Bloom Filter

System Design

Hashing

Bloom Filter

Scenario: You’re building a user registration system for a large-scale web service (e.g., Twitter or GitHub).

🤔 The Problem

When a new user enters a desired username:

You must check if it’s already taken.
The username store could contain millions of entries.
A direct DB lookup for every attempted username = unnecessary load.

❌ Without Optimization:

Most usernames may already exist, triggering expensive DB reads.
You want to avoid checking usernames that definitely don’t exist.

✅ With Bloom Filter:

Store all existing usernames in a Bloom filter.
When a new user signs up: Check the Bloom filter.
- If “definitely not present”: proceed with registration.
- If “might be present”: check the DB for confirmation.

This cuts down DB lookups drastically when users try creative or uncommon usernames.

Scenario: Caching with a Backend Database

Let’s say you’re building a large-scale service like YouTube or Facebook. You use a caching layer (like Redis or Memcached) in front of your persistent database to reduce query latency.

🤔 The Problem

Every time a client requests data:

Check Cache → If hit, return.
If Miss → Query database.

But here’s the catch:

Many cache misses go on to query the DB for items that don’t exist at all (e.g., someone asks for a video that’s been deleted).
These misses lead to wasted DB lookups, increasing load and latency.

✅ The Bloom Filter Solution

You use a Bloom filter to pre-check if an item is definitely not in the dataset:

If the Bloom filter says “no” ➜ skip cache and DB lookup entirely.
If it says “maybe” ➜ proceed to cache and DB.

This drastically reduces expensive DB hits for missing keys.

⚙️ How Bloom Filters Work

A Bloom filter is a probabilistic data structure that answers: “Is element x possibly in the set?”

Core Components:

A bit array of size m, initialized with all bits as 0.
k independent hash functions that map an element to k positions in the bit array.

✅ Insertion:

Hash the input using all k hash functions.
Set all the corresponding k bits in the array to 1.

❓ Query (Membership Check):

Hash the input using the same k functions.
Check if all the corresponding bits are 1.
- If any bit is 0 ➜ definitely not in the set.
- If all bits are 1 ➜ element may be in the set.

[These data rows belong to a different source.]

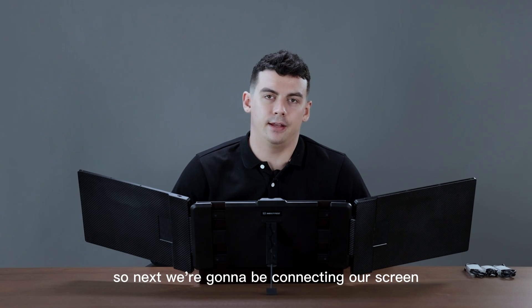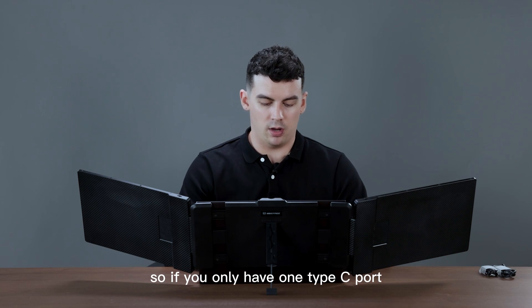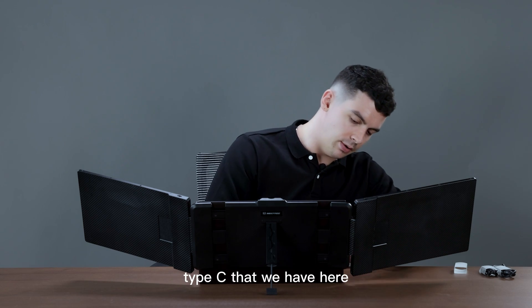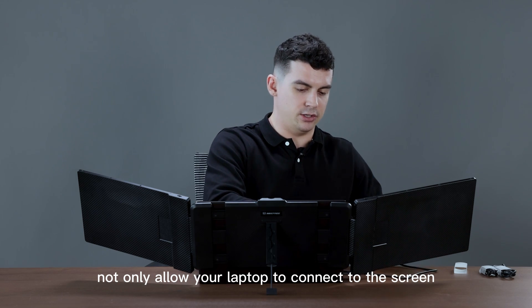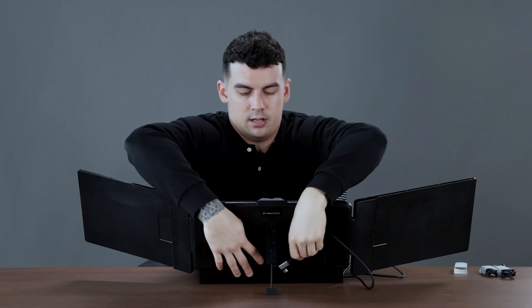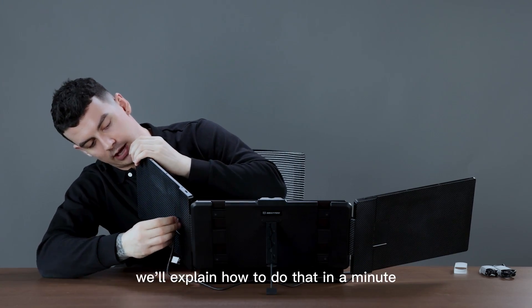So next we're going to be connecting our screen extenders to our laptop. If you only have one Type-C port, we're going to use the included Type-C cable. The Type-C to Type-C will not only allow your laptop to connect to the screen but will also provide the power source. If you have that sort of issue we'll explain how to do that in a minute.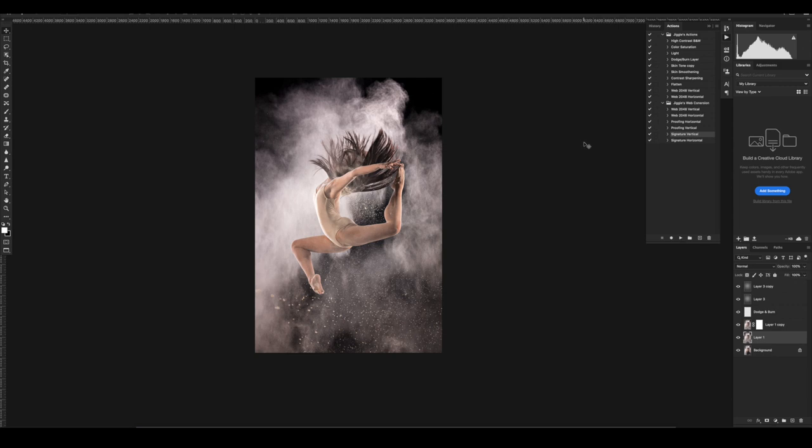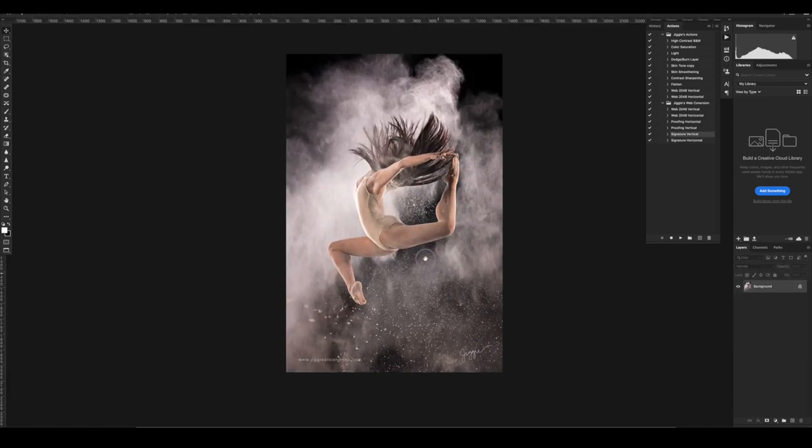My final stage is to save it, then run my action for web upload — so it now has my signature and website. I hope you found that useful or insightful, or it gave you inspiration to start shooting dance or go outside your comfort zone. I'm a portrait and wedding photographer, and yet I shot dance even though I don't know how to dance. If I can't dance, I might as well shoot dance. Please leave a comment below, follow me on Instagram at Jiggy Alejandrino, subscribe to the channel, like the video, and click the notification bell so you're notified every time I upload a new video.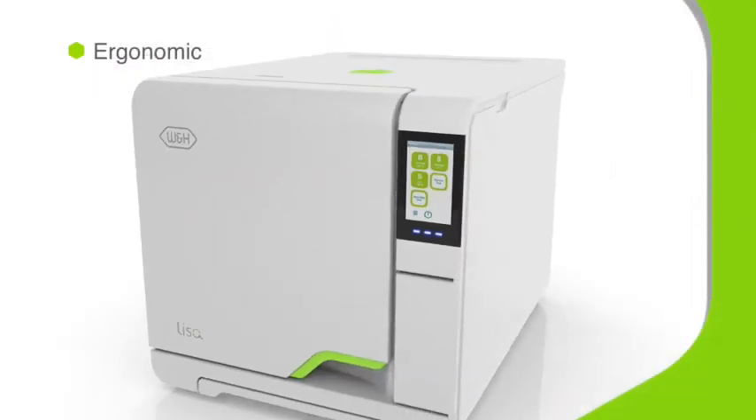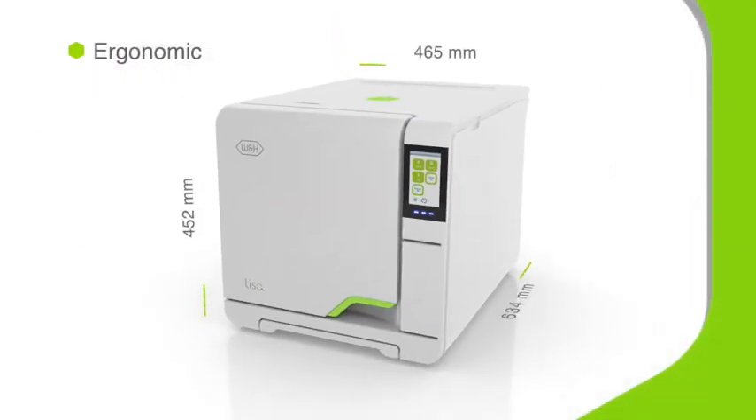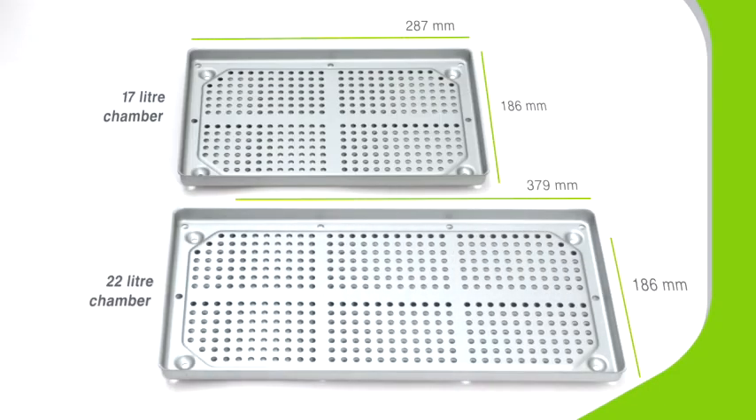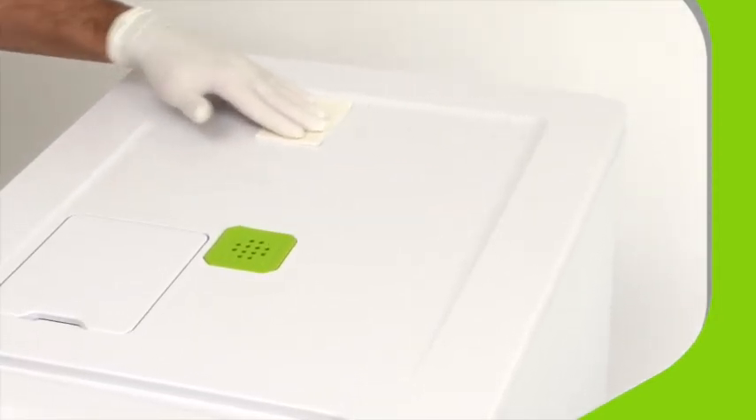The Lisa VA-131 vacuum sterilizer is ergonomically designed. Modular feet help it adapt to even the narrowest workbench, and a choice of size for internal chambers provides for different needs. Smooth external design with minimized apertures makes Lisa very easy to clean.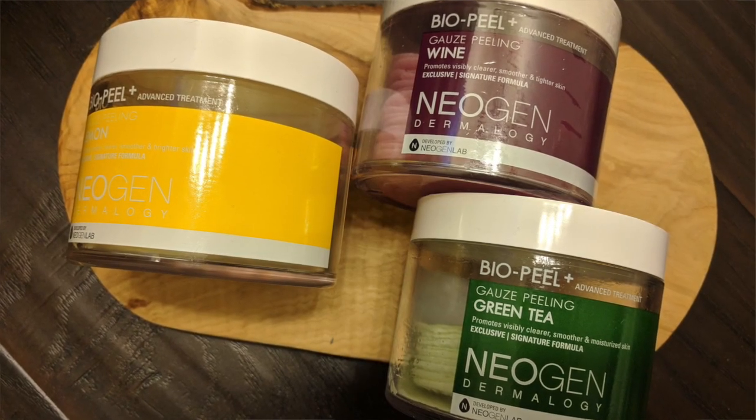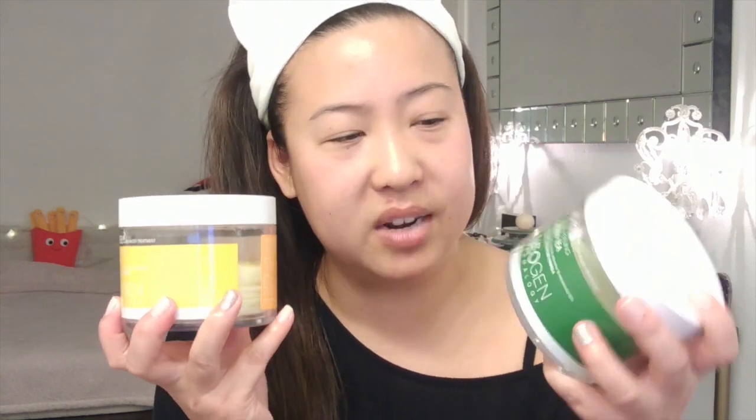The second thing is the Neogen gauze pads. These are one-time-use pads; there are 30 in each pack. This is the wine scent, then there's lemon, and then green tea. I love these — such a quick and easy way to exfoliate. One side is smooth and the other side is textured, so you put your fingers in and use the exfoliating side.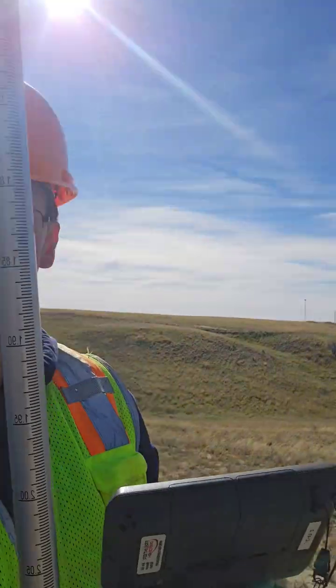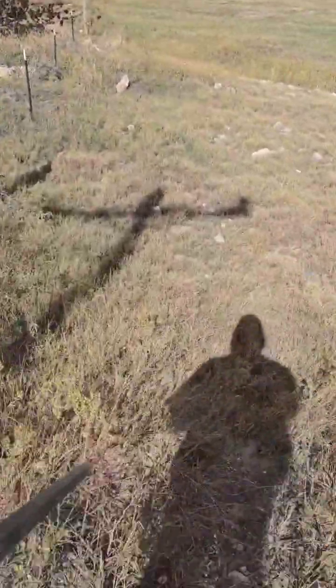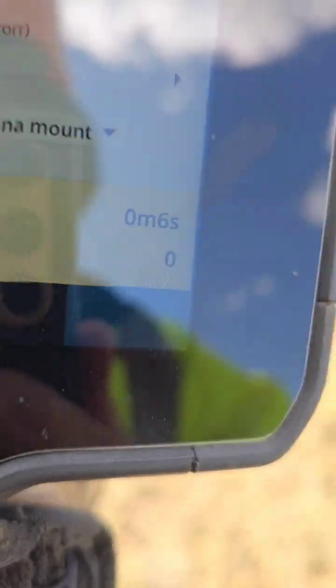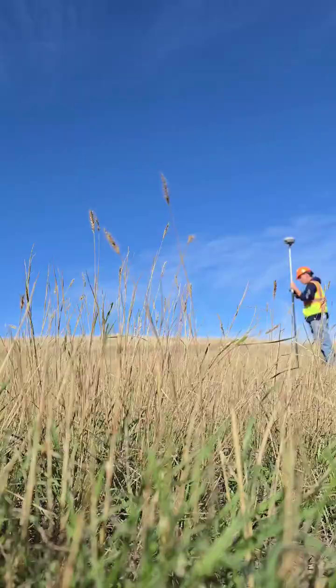Hello, how's everyone doing? Doing a little survey job — VTM topo hydraulic survey — taking shots right now every 25 feet, which is the interval for spacing. Also got to shoot all the breaks and all the changes of terrain.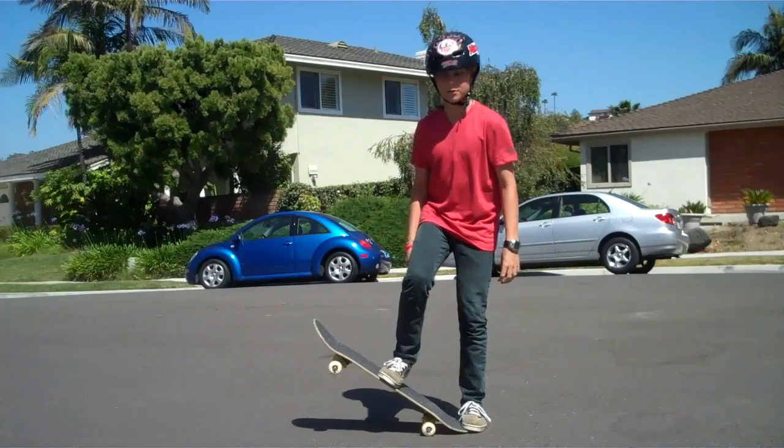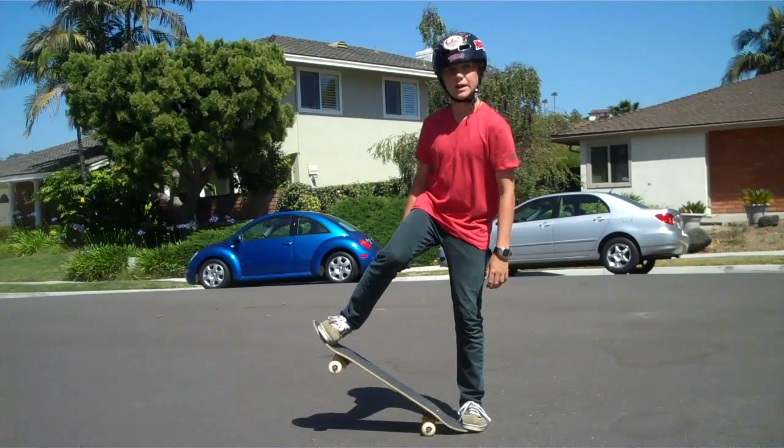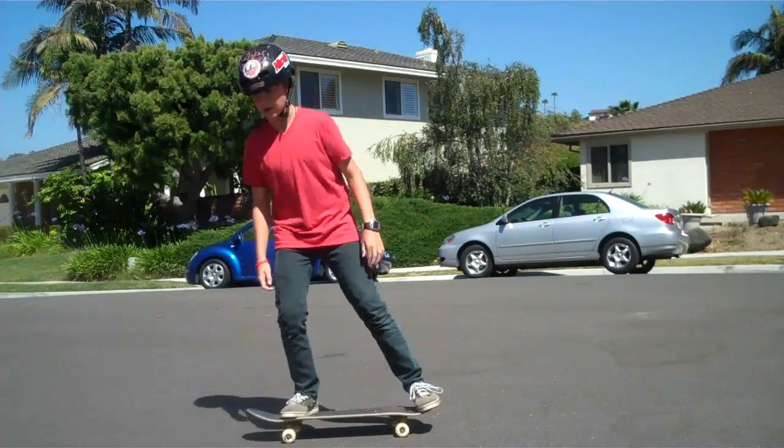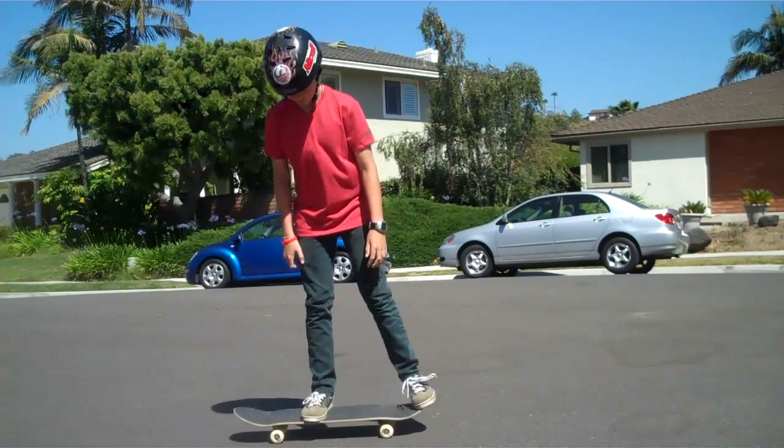What you're going to want to do is push backwards and slide your foot up at the same time. Then, putting your foot up in the back and stomping down in the front. So all together, it should look like this.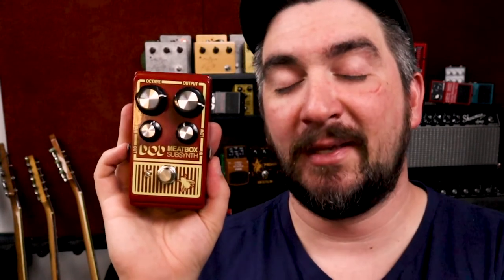And that's the DoD Meat Box — I hope you got some fun ideas on how to use it. If you're like me and saw this reissue, they were selling for $150 on the Digitech/Harman website. Then a month later they were going for $75, which felt a bit rough. It's one for pedal stonks, that's for sure.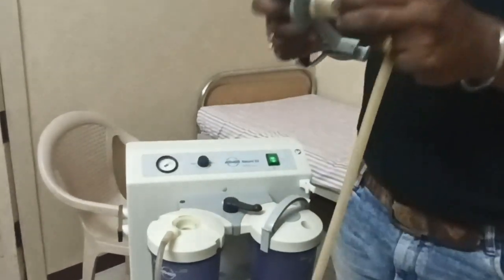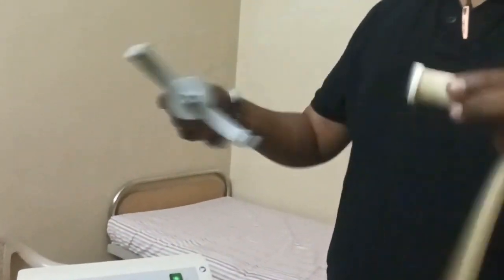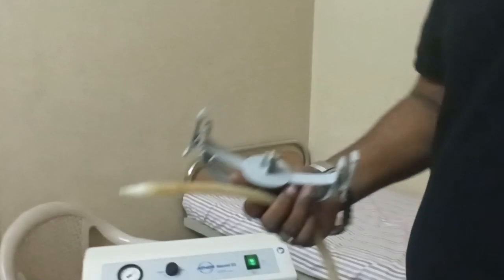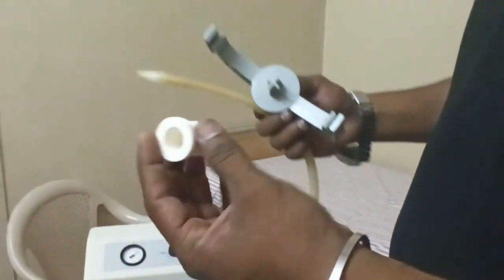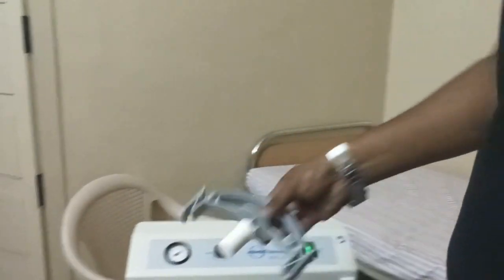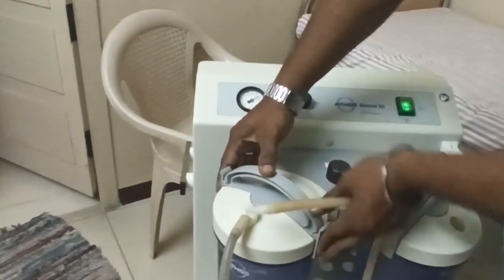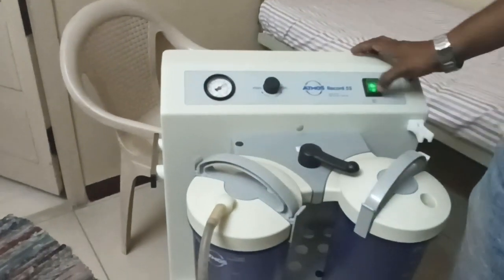Moreover, this is a disposable filter, so we just have to remove it and throw it out. Now I'm going to install a new filter — this is a brand new filter, white in color. I'm connecting it and locking it in place.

🔁 No Deletion (in standard Bloom filters)

To remove items, you’d need a Counting Bloom Filter, which uses counters instead of bits.

Example

Bit array size = 10, 3 hash functions: H1, H2, H3.
alice hashes to bits 1, 4, 7
bob hashes to bits 2, 4, 6
carol hashes to bits 0, 4, 7

graph
  subgraph Bit Array
    B0["0"]
    B1["1"]
    B2["0"]
    B3["0"]
    B4["1"]
    B5["0"]
    B6["0"]
    B7["1"]
    B8["0"]
    B9["0"]
  end
   %% Connections for Alice's Hashes (say H1=1, H2=4, H3=7)
  InsertAlice["Insert 'alice'"]
  InsertAlice -->|H1 = 1| B1
  InsertAlice -->|H2 = 4| B4
  InsertAlice -->|H3 = 7| B7

graph
  subgraph Bit Array
    B0["0"]
    B1["1"]
    B2["1"]
    B3["0"]
    B4["1"]
    B5["0"]
    B6["1"]
    B7["1"]
    B8["0"]
    B9["0"]
  end
InsertBob["Insert 'bob'"]
  InsertBob -->|H1 = 2| B2
  InsertBob -->|H2 = 4| B4
  InsertBob -->|H3 = 6| B6

graph
  subgraph Bit Array
    B0["0"]
    B1["✅ 1"]
    B2["1"]
    B3["0"]
    B4["✅ 1"]
    B5["0"]
    B6["1"]
    B7["✅ 1"]
    B8["0"]
    B9["0"]
  end
  InsertAlice["Query 'alice'"]
  InsertAlice -->|H1 = 1| B1
  InsertAlice -->|H2 = 4| B4
  InsertAlice -->|H3 = 7| B7

graph
  subgraph Bit Array
    B0["❌ 0"]
    B1["1"]
    B2["1"]
    B3["0"]
    B4["✅ 1"]
    B5["0"]
    B6["1"]
    B7["✅ 1"]
    B8["0"]
    B9["0"]
  end
  InsertAlice["Query 'Carol'"]
  InsertAlice -->|H1 = 0| B0
  InsertAlice -->|H2 = 4| B4
  InsertAlice -->|H3 = 7| B7

📉 Probabilistic Nature

False negatives: Never happen. If it’s in the filter, it won’t say it’s not.
False positives: Can happen. The filter may wrongly say an element exists due to overlapping bits from different insertions.

Sample Implementation

import math
import hashlib
import bitarray  # Install via: pip install bitarray

class BloomFilter:
    def __init__(self, expected_items, false_positive_rate):
        """
        Initialize a Bloom filter with given capacity and desired error rate.
        """
        self.n = expected_items
        self.p = false_positive_rate

        # Calculate optimal size (m) and number of hashes (k)
        self.m = self.optimal_bit_array_size(self.n, self.p)
        self.k = self.optimal_num_hash_functions(self.m, self.n)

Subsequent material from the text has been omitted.